Accessibility update: Based on a community member’s recent audit, we are also taking this opportunity to improve the overall accessibility of the settings experience.

What’s next?

We are hitting the ground running with these insights. Right now, our team is actively:

Finalizing our project scope to directly incorporate these research findings.

Mapping out and proposing a streamlined information architecture for settings.

Designing this layout holistically so that desktop preferences and mobile configurations

A massive thank you to everyone who offered their time and feedback for this study! We look forward to sharing more with you soon.

Let us know your thoughts in the comments below!

Desktop

Feedback

Research

Settings

6 responses

Mid'

wrote on

July 7, 2026 at 11:03

July 7, 2026 at 11:03

As a veeeery long time user (who said Netscape?) I’m wondering: didn’t the “sync” feature lack emerge from your research? Ok, not only limited to settings, but still. WDYT?

Reply

Aly Blenkin

wrote on

July 8, 2026 at 13:59

July 8, 2026 at 13:59

We appreciate all your support over the years. To answer your question, we didn’t specifically ask the participants about “sync” in this round of research so that’s why it didn’t come up as a theme, but we know it’s an area that needs work!

Reply

William Skinner

wrote on

July 8, 2026 at 03:20

July 8, 2026 at 03:20

Is 10 really a representative sample?

Far too much impenetrable jargon. e.g what does:”Clutter & noise: There is a strong desire to reduce workspace clutter and the cognitive “noise” within dense configuration menus.” mean in normal English? The very fact that you are using such jargon suggests to me that your focus group consisted of email geeks not non-technical end-users like me.

Reply

Aly Blenkin

wrote on

July 8, 2026 at 13:53

July 8, 2026 at 13:53

Thanks for sharing your feedback. And good point on reducing jargon in our research summary! Reducing ‘workspace clutter’ and ‘noise’ means making the screen less distracting and overwhelming. When we have lots of menus, checkboxes, and settings packed closely together, it adds visual ‘noise’ and that makes it hard to focus on updating a preference and quickly getting back to your email.
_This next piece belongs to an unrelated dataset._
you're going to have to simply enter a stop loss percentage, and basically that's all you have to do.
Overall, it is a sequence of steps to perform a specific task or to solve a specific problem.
Ten people is definitely not a representative sample for millions of users, and it was never meant to be. Our goal for the small-group interviews was to serve as a starting point. I mentioned this in the video where I call out some of the areas where we might have biases and how that’s impacting the research, but we didn’t include it in the blog post- I’ll be sure to make a better note of that next time!
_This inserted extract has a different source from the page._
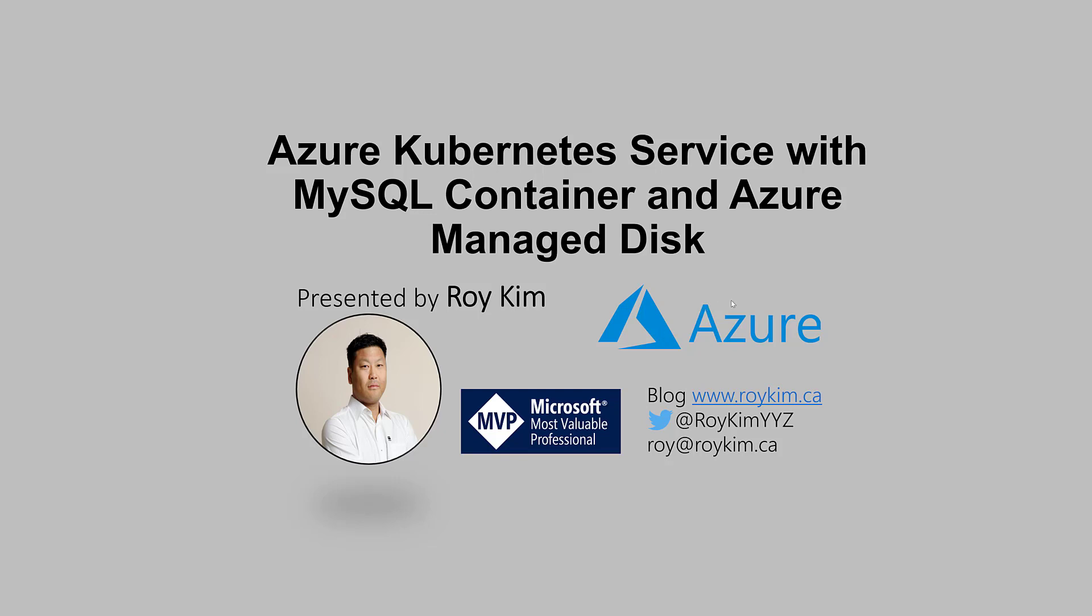Hi, welcome to this video where I'll be showing Azure Kubernetes Service.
And you’re absolutely right, we don’t want to design Thunderbird just for tech-savvy users! Our goal is to make it intuitive and easy to use for everyone! We shared an open research call on Topicbox and Reddit, but knowing not everyone looks there, we want to try other channels to speak to a range of people. We will actively look into new channels to recruit non-technical end-users in future rounds of research. If you have suggestions for where it would be helpful to share those research opportunities let us know!

Reply

Saulius S.

wrote on

July 8, 2026 at 13:06

July 8, 2026 at 13:06

Hi Aly,

Thank you for explaining your research result.
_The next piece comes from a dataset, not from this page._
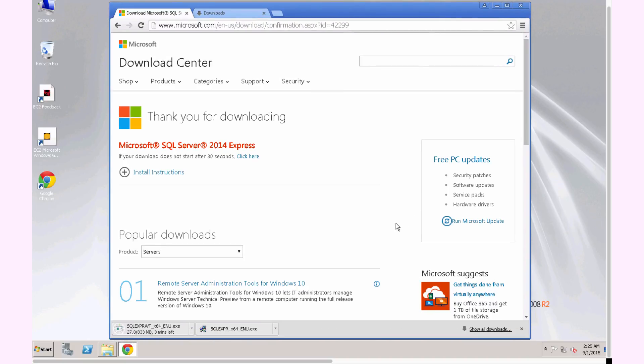And it's about 800 megabytes, so it's going to take just a few minutes to download that. So once that's downloaded, we'll go ahead and run through the rest of the install.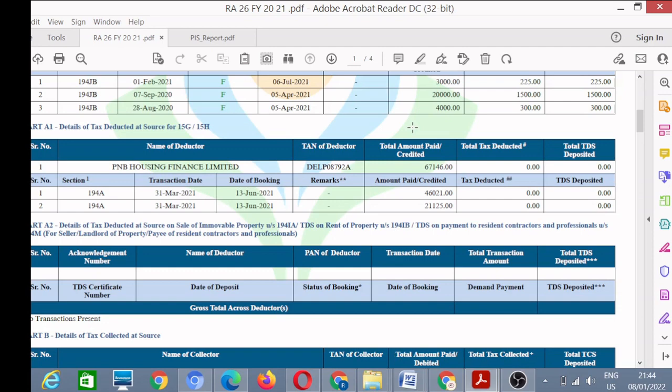Now we will learn how to calculate your income tax. Some documents are required before calculation. The first document is your Form 26AS. You can download it from your TRACES site or the Income Tax Department site, or from your net banking from PNB, SBI, or any other bank. This is my Form 26AS. I have already prepared some videos on how to download Form 26AS; you can watch those if you are not familiar with the form. This form is very useful for your calculation work.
I just wanted to point one thing that research has already confirmed – many (including myself) are using emails and Thunderbird in particular, as Todo even it’s not built for that and is not very convenient. If you could consider introducing Todo along with email functionality, that would be huge leap in productivity for users like us. For example, someone sends a request to produce the reports on Friday, I mark text in email body (or whole email) and create a todo entry from it with one-two clicks – that would be amazing.

Thank you

S

Reply

Aly Blenkin

wrote on

July 8, 2026 at 13:28

July 8, 2026 at 13:28

Thanks so much for your feedback! It’s a really interesting theme emerging and I appreciate you sharing how it would improve your workflow! Creating a to-do workflow, wouldn’t be part of the settings work we are doing right now, but it’s something for us to consider doing more exploration around!